CS: I think, especially when you do work about childhood, you go to your memories, the teenage years even more so, even more vivid because it's closer. But I think you have to talk a little bit about what you know, about what is true, so that you can bring fiction [to it]. If I'm talking about a fifty year old man, I don't know anything about that, so I think It's not going to be great storytelling, whereas, talking about childhood and teenagehood, as a rookie, as a coming of age director, I feel like I can go further from my life. It's not really autobiographical, I remember how it felt, so I have the feeling and then I can build characters that are very far away from me. But of course, especially in Tomboy, there are things that are memories from my own childhood, like the relationship between the two sisters, that's really something that is mine.

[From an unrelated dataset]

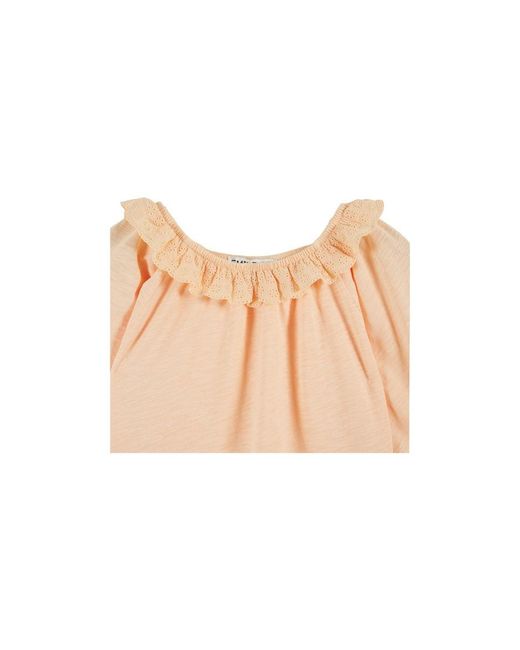 Emile Et Ida White T-Shirt Jersey Flamme Brode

Sam: The other thing that is really central in Tomboy is the issue of gender, and I think it's going to provoke a lot of debate with audiences; is she transsexual, its it just a phase? Is that something that you decided for yourself, and did you discuss that with Zoe, who plays Laure?

CS:Well, I have my own opinion of course about who she's going to become, even if it's not in the movie, the movies contains all the hypotheses - willingly - that way everybody can connect. We talked, me and Zoe, about how she felt about the character, about who she was going to become, we talked about her opinion, because that's the one that really...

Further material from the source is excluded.